Compilation album by James Brown
- Released: 1988
- Recorded: December 12, 1967 – September 14, 1972
- Venue: Bell Auditorium (Augusta, Georgia) (Track 5 & 6) Apollo Theater (New York City, New York) (Track 1)
- Studio: King (Cincinnati, Ohio) (Track 2, 4 & 8); RCA (Los Angeles, California) (Track 7); Mastersound (Los Angeles, California) (Track 12); Criteria (Miami, Florida) (Track 6 & 13); Starday-King (Nashville, Tennessee) (Track 3); Bobby Smith (Augusta, Georgia) (Track 11); United Artists (Los Angeles, California) (Track 10);
- Genre: Funk
- Length: 55:26
- Label: Polydor 837 126-2
- Producer: James Brown, Tim Rogers, Cliff White

James Brown chronology
| James Brown's Funky People (Part 2) (1988) | Motherlode (1988) | Roots of a Revolution (1989) |

= Motherlode (James Brown album) =

Motherlode is a 1988 James Brown compilation album. Created as a follow-up to the successful 1986 compilation In the Jungle Groove, it similarly focuses on Brown's funk recordings of the late 1960s and early 1970s.

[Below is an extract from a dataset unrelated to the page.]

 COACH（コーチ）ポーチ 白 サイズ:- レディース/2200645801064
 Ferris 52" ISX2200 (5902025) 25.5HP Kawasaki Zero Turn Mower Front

It includes live performances and remixes as well as studio recordings, most of them previously unissued. Writing in 2007, critic Robert Christgau called it "the finest of the classic [James Brown] comps". Highlights include a live "Say It Loud – I'm Black and I'm Proud", the first album release of "I Got Ants in My Pants (and I Want to Dance)", the latter-day UK chart hit "She's the One", and a nine-minute-long remix of "People Get Up and Drive Your Funky Soul" from the Slaughter's Big Rip-Off soundtrack.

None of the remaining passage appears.